Problem description:
The pictures get left out, but everything else in the listing below must be duplicated exactly.

** Supplied information follows **

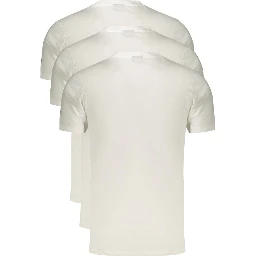 Bianco Cotton Men's T-Shirt
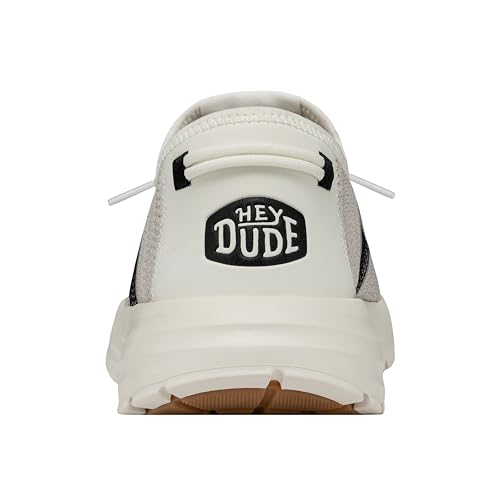 Image of HEYDUDE Sirocco | Men's Loafers | Men's Slip On Shoes | Comfortable & Light-Weight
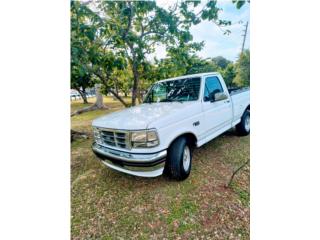 Ford Puerto Rico Ford F150 1996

** End of Supplied information **

Result for this exercise:
 Bianco Cotton Men's T-Shirt
 Image of HEYDUDE Sirocco | Men's Loafers | Men's Slip On Shoes | Comfortable & Light-Weight
 Ford Puerto Rico Ford F150 1996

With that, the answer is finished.